Chapitre 12

5 minutes de lecture

Je me réveillai avec la tête qui cognait atrocement. Je gémis un moment en pestant d’avoir bu un peu trop de cocktails hier soir. Je ne pensais pas que le goût des fruits masquerait autant l’alcool que ça. Du coup, j’en avais abusé et je le regrettai amèrement maintenant. Je jetai un coup d’oeil à l’heure, au moins j’avais du temps avant de partir au travail, je roulai précautionneusement hors de mon lit. La main gauche me tenant la tête, j’allai dans ma cuisine pour me préparer un petit remède contre la gueule de bois. Je m’assis dans mon canapé pour me remettre peu à peu. Plus tard, je me forçais à grignoter même si je n’avais pas faim. J’étais sur le point de partir prendre une douche pour me remettre les idées en place quand je vis une enveloppe marron devant ma porte. Quelqu’un devait l’avoir glissée dessous.

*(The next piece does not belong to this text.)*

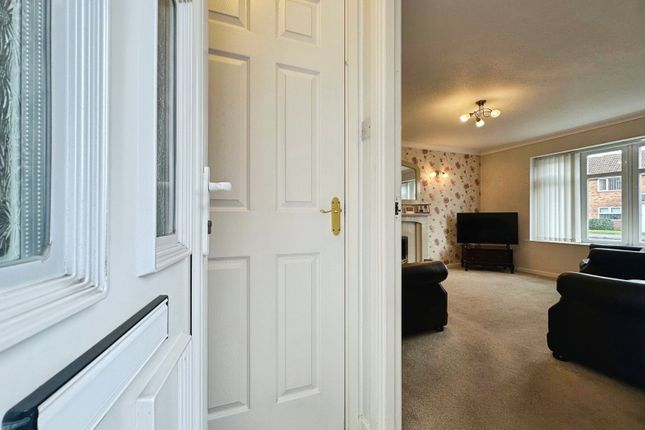 11, Leybourne Crescent, Pendeford, Wolverhampton photo 2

Je me tins là, sans bouger pendant plusieurs minutes. L’alcool embrumait toujours mon cerveau mais ce fut plutôt le fait de voir une vraie enveloppe, sur mon parquet, qui me déstabilisa. C’était la première fois que j’en voyais une. Le papier coûtait tellement cher, quasiment personne n’en utilisait. Je fis quelques pas, saisis l’enveloppe et l’ouvrai. D’autres feuilles se trouvaient à l’intérieur. N’étant pas habituée, je me coupai l’index en voulant les prendre. Je suçai mon doigt un peu mais je le laissai retomber en voyant la feuille.

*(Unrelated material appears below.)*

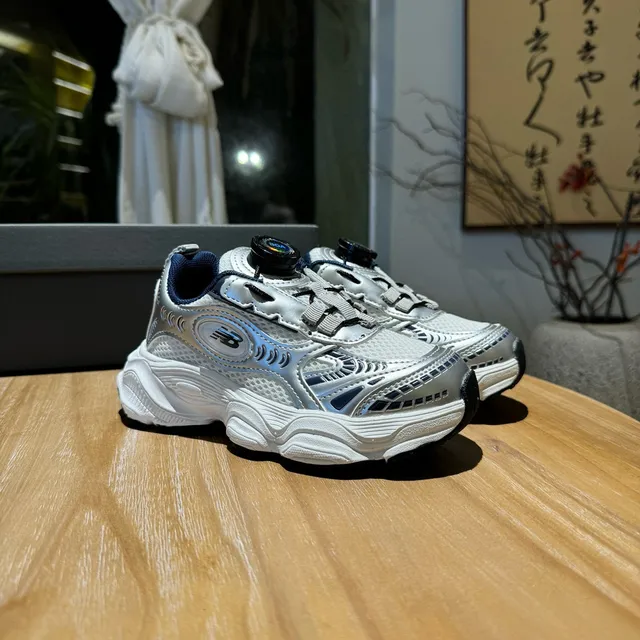 New Balance White Pink Sole Laceless Toggle Closure Chunky Sneakers 5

Je titubai jusqu’à mon canapé et chutai dedans. Sur la première page, on voyait une photo de moi, telle que j’étais habillée hier, dans la rue. Une cible rouge entourait ma tête. Sur la page suivante, on me voyait quitter le travail avec Pox. Une écriture rouge en lettres capitales disait : “ UN MOT À LA POLICE ET POX MEURT”. D’une main tremblante, je lâchai la photo pour découvrir la suivante : c’était ma mère en blouse à l’hôpital. “OU BIEN LE DR CASTIGLIONE”. Et ça continuait avec mon père. On me voyait aussi avec Pox à la sortie de notre bar hier soir. La dernière me montrait en pyjama, sur le point de rejoindre mon lit. “JE TE SURVEILLE KAYLIN”.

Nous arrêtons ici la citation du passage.